Wyjazdowy niszczyciel

Miedź Legnica w dwóch meczach wyjazdowych strzeliła aż osiem goli i zainkasowała komplet punktów.


Po czterech kolejkach Fortuna 1. Ligi Miedź Legnica zajmuje w tabeli drugie miejsce, oglądając plecy tylko GKS-u Tychy. Podopieczni trenera Radosława Belli zgromadzili do tej pory dziesięć punktów, przy bilansie bramkowym 9:4. Drużyna znad Kaczawy znakomicie zaprezentowała się w spotkaniach wyjazdowych, odnosząc efektowne zwycięstwo 4:1 z Bruk-Betem Termaliką Nieciecza i pokonując 4:3 Polonię Warszawa.

O tym spotkaniu mówi strzelec jednego z goli dla „Miedzianki”, Krzysztof Drzazga.

– Czy nie straciłem głosu po głośnych okrzykach radości w szatni? Głos mam akurat dobry, mogę długo śpiewać – przekonywał w rozmowie z oficjalną stroną klubową 28-letni napastnik.


Czytaj także:


– To był bardzo przyjemny moment. Udało mi się pomóc drużynie zdobytym golem, ale zbyt wcześnie chyba pomyśleliśmy, że w tym momencie mecz już się uspokoi. Tymczasem przeciwnik dostał dwa rzuty karne. Z perspektywy ławki rezerwowych wyglądało to dobrze, z perspektywy boiska trochę gorzej, bo gdy wszedłem na boisko miałem odczucie, że Polonia dłużej jest przy piłce niż my. Ale jak powiedział w szatni trener Bella, takie mecze wygrywa się charakterem, nie tylko umiejętnościami i mecz z Polonią tego dowiódł.

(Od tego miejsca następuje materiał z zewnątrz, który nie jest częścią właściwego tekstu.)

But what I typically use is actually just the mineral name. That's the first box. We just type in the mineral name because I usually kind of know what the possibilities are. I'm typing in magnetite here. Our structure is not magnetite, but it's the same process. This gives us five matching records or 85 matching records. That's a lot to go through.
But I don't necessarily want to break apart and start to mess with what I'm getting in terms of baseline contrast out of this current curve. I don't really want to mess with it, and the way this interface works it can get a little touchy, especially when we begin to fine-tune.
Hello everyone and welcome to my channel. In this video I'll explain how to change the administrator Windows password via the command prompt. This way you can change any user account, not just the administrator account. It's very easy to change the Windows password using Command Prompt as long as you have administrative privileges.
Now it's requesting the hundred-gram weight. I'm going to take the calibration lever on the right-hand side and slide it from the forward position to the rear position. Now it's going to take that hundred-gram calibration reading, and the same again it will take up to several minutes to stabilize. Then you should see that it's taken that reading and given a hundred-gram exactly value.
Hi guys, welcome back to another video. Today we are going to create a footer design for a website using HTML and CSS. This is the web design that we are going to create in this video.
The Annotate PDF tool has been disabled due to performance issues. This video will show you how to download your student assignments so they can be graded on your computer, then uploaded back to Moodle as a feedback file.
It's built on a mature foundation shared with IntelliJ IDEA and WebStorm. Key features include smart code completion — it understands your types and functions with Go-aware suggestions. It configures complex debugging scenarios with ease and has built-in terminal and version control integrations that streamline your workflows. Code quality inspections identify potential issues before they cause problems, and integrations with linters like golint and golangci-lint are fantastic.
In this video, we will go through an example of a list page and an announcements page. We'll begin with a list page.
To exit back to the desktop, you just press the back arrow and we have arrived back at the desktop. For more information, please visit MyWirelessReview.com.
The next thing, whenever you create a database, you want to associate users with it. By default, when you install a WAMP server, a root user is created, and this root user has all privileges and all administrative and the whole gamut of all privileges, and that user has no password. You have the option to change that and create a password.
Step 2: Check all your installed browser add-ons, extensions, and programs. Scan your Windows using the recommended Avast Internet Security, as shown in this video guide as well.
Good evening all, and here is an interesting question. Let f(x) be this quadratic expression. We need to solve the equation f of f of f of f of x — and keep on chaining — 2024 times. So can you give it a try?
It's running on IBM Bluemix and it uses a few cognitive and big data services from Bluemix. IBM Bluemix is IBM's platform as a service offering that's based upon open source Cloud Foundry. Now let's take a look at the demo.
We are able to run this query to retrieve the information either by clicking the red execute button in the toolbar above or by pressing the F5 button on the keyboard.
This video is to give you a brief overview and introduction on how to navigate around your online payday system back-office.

Roztrwonić na wyjeździe dwubramkowe prowadzenie, to nie jest łatwy moment, nie jest łatwo się z tego dźwignąć. Mimo wielu prostych błędów, które popełniliśmy w tym meczu, to myślę, że da nam to potężnego kopa do ciężkiej pracy, co przełoży się na jeszcze lepsze wyniki. Czy w najbliższym meczu ze Stalą Rzeszów, z którą zagramy w Legnicy, będzie tyle samo bramek i emocji, co w spotkaniu z Polonią Warszawa? Wolałbym, żeby były cztery gole dla nas, a zero dla Stali. Ale mówiąc całkiem poważnie – zwycięstwo 1:0 weźmiemy w ciemno, bo po prostu chcemy wygrać ten mecz. Nie chcemy takich meczów jak w Warszawie, bo nie zawsze takie spotkanie uda się wygrać.

Dobrze się bawił

Zadowolony z wyniku oraz przebiegu meczu na Konwiktorskiej był trener zielono-niebiesko-czerwonych, Radosław Bella.

– Aspekt emocjonalny tego meczu był rewelacyjny – przyznał na konferencji prasowej 36-letni szkoleniowiec.

– Spotkały się dwie drużyny, które mają ogromny charakter, bo nie ukrywam, że chyba tylko trenerzy wiedzą, jak trudno jest podnieść drużynę po straconej bramce. My podnieśliśmy się po pierwszej straconej bramce, Polonia podnosiła się dwukrotnie. Uważam, że moja drużyna wygrała mecz z „Czarnymi koszulami” przede wszystkim charakterem. Zapewniam, że Miedź Legnica ma ogromny charakter, bo nad aspektem mentalnym bardzo mocno pracujemy. Nawet jak Polonia momentami miała przewagę i było niebezpiecznie, to potrafiliśmy ten mecz wybronić, co – uważam – jest bardzo trudną sztuką. Teraz my wygraliśmy, kiedy indziej wygra Polonia, ale to był futbol, jaki wszyscy chcemy oglądać. Postarzałem się o dziesięć lat, ale dobrze się bawiłem. Niezależnie od wyniku musimy grać futbol, na który ludzie chcą chodzić i który chcą oglądać.

Znowu zero z tyłu?

W najbliższą niedzielę, 20 sierpnia, o godzinie 15.00 na Stadionie im. Orła Białego Miedź zmierzy się ze Stalą Rzeszów, która w poprzednich czterech spotkaniach zainkasowała zaledwie jeden punkt. Nie znaczy to jednak, że gospodarzy czeka spacerek, a jedyną niewiadomą będą rozmiary ich zwycięstwa. „Miedzianka” w dwóch poprzednich meczach na własnym boisku nie straciła gola (1:0 z GKS-em Katowice i 0:0 z Górnikiem Łęczna), ale strzeliła tylko jedną bramkę. Czy i tym razem bramkarz „Miedzianki” zachowa czyste konto?


Na zdjęciu: Napastnik Miedzi Krzysztof Drzazga (z prawej) potrzebował zaledwie dwóch minut pobytu na boisku, by strzelić gola dla swojej drużyny.